A Lateral Flow-Recombinase Polymerase Amplification Method for Colletotrichum gloeosporioides Detection

Abstract

The greater yam (Dioscorea alata), a widely cultivated and nutritious food crop, suffers from widespread yield reduction due to anthracnose caused by Colletotrichum gloeosporioides. Latent infection often occurs before anthracnose phenotypes can be detected, making early prevention difficult and causing significant harm to agricultural production. Through comparative genomic analysis of 60 genomes of 38 species from the Colletotrichum genus, this study identified 17 orthologous gene groups (orthogroups) that were shared by all investigated C. gloeosporioides strains but absent from all other Colletotrichum species. Four of the 17 C. gloeosporioides-specific orthogroups were used as molecular markers for PCR primer designation and C. gloeosporioides detection. All of them can specifically detect C. gloeosporioides out of microbes within and beyond the Colletotrichum genus with different sensitivities. To establish a rapid, portable, and operable anthracnose diagnostic method suitable for field use, specific recombinase polymerase amplification (RPA) primer probe combinations were designed, and a lateral flow (LF)-RPA detection kit for C. gloeosporioides was developed, with the sensitivity reaching the picogram (pg) level. In conclusion, this study identified C. gloeosporioides-specific molecular markers and developed an efficient method for C. gloeosporioides detection, which can be applied to the prevention and control of yam anthracnose as well as anthracnose caused by C. gloeosporioides in other crops. The strategy adopted by this study also serves as a reference for the identification of molecular markers and diagnosis of other plant pathogens.
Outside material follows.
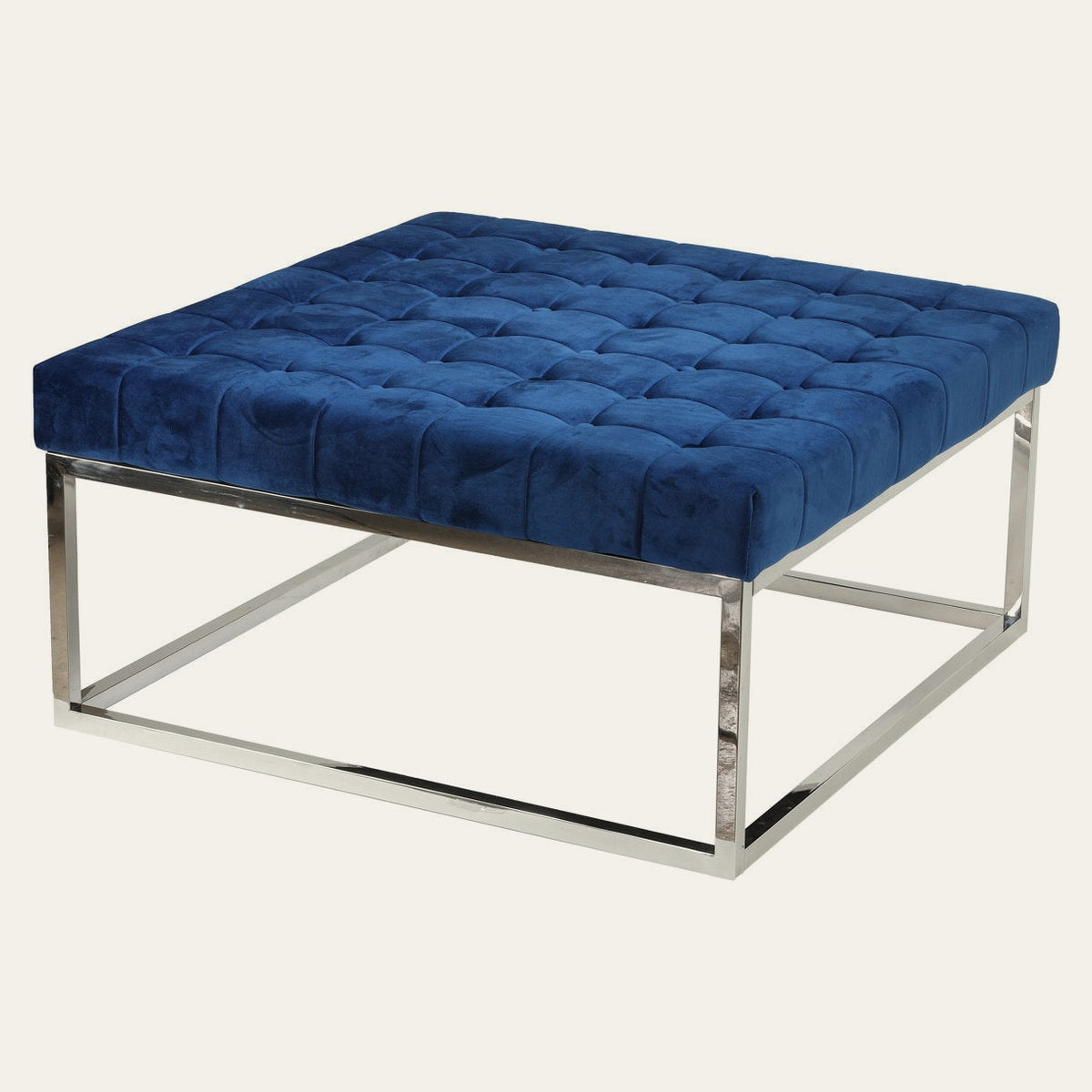 36 x 36 in Tufted Square Ottoman in Blue Velvet with Chrome Legs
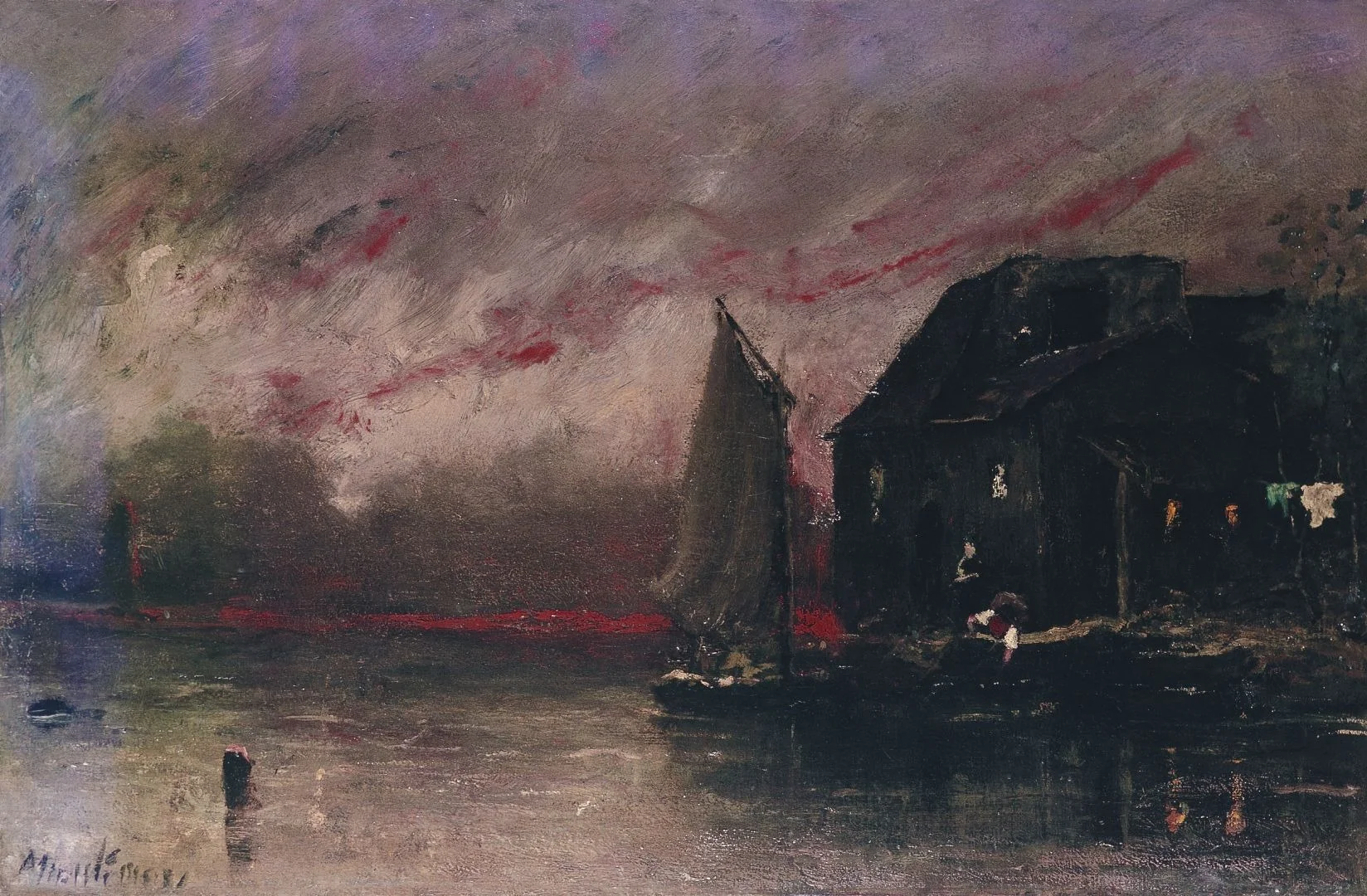 Evening Atmosphere, by Mihály Munkácsy, oil, 1870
Keywords: Colletotrichum gloeosporioides; Dioscorea alata; disease diagnosis; pathogen identification; primer development.

Figure 1

Statistics of orthologous gene clustering analyses. (A) Number of orthogroups occupied by genes of different C. gloeosporioides strains, Venn diagram shows the number of orthogroups which were strain-specific (1) or shared by 2, 3, or 4 strains. (B) Comparison of orthogroups shared by all C. gloeosporioides strains with all non-redundant orthogroups of the other 56 Colletotrichum genomes. (C) Details of C. gloeosporioides-specific orthogroups, including gene IDs and length of each genome. The four colored orthogroups were eventually the molecular markers used in this study.

Figure 2

Determination of the primers targeting four C. gloeosporioides-specific orthogroups by PCR. M = 2000 bp DNA Ladder; 1 = C. gloeosporioides strain CgDa01; 2 = C. gloeosporioides strain CgDaM3; 3 = Fusarium graminearum; 4 = F. oxysporum; 5 = Sclerotinia sclerotiorum; 6 = Botrytis cinerea; 7 = Blumeria graminis; and 8 = C. fructicola. (A–D) PCR results of different primer pairs.

Figure 3

Sensitivity testing of four pairs of specific primers. M = 2000 bp DNA Ladder, and 1~8 = different DNA concentrations: 1 ng/μL, 100 pg/μL, 10 pg/μL, 1 pg/μL, 100 fg/μL, 10 fg/μL, 1 fg/μL, and NTC (no-template control), respectively. (A–D) PCR results of different primer pairs.

Figure 4

Evaluation of specific primers for C. gloeosporioides detection of infected plant tissues. (A) Phenotypes of leaves post inoculation with C. gloeosporioide on different days. Dpi = days post infection. (B–E) PCR results of DNA extracted from plant leaves at 0, 1, 3, and 5 days post inoculation (dpi) with C. gloeosporioides, respectively. M = 2000 bp DNA Ladder; CK = control check, namely greater yam leaves that were not inoculated with C. gloeosporioides; Lanes 1~3 = independent samples infected by C. gloeosporioide at the same time point.

Figure 5

Sensitivity test of LF-RPA C. gloeosporioides detection methods. NTC = no template control; Dpi = days post infection. (A) Sensitivity of LF-RPA at different concentrations of C. gloeosporioides genomic DNA. (B) Results of LF-RPA conducted on DNA samples extracted from greater yam leaves infected by C. gloeosporioides from 0 to 5 dpi.